──────── Raw data ────────
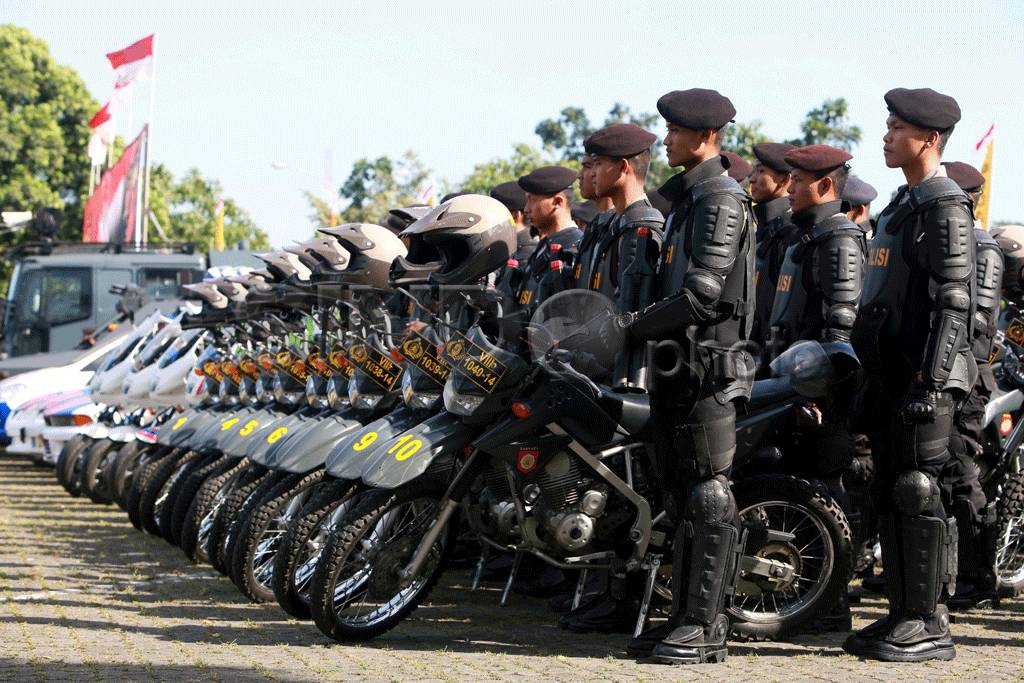 Apel HUT Bhayangkara...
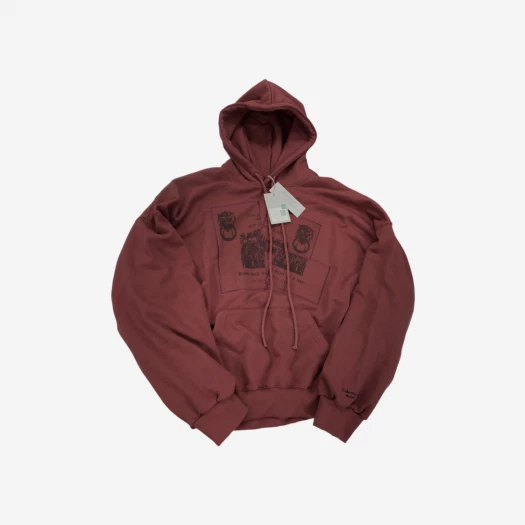 Buy Undermycar Anwer Archive Hommage Patchwork Hoodie Cordovan - 23SS at Sasom – Authentic and Ready to Ship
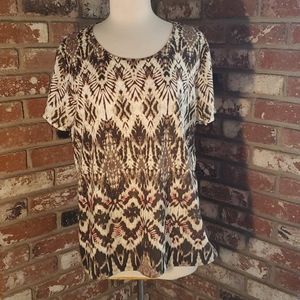 Chico's Zenergy NWOT sz3 (16/18) Animal Print Tee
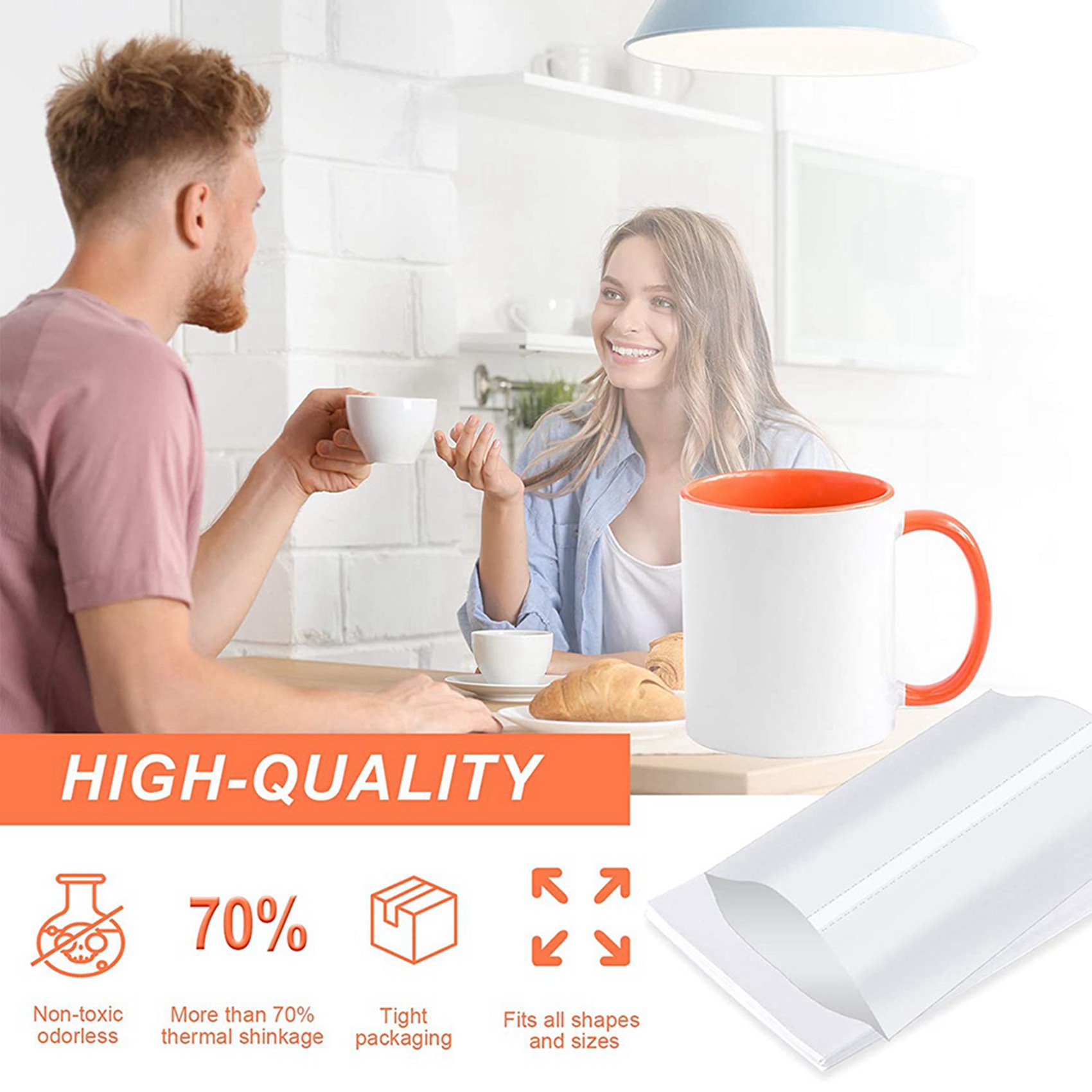 Manchons thermorétractables po - Sublimation Mug White avis et prix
────────
### What the task asks
What the answer must hold: all the data above, given again exactly, without pictures.

### Expected output
 Apel HUT Bhayangkara...
 Buy Undermycar Anwer Archive Hommage Patchwork Hoodie Cordovan - 23SS at Sasom – Authentic and Ready to Ship
 Chico's Zenergy NWOT sz3 (16/18) Animal Print Tee
 Manchons thermorétractables po - Sublimation Mug White avis et prix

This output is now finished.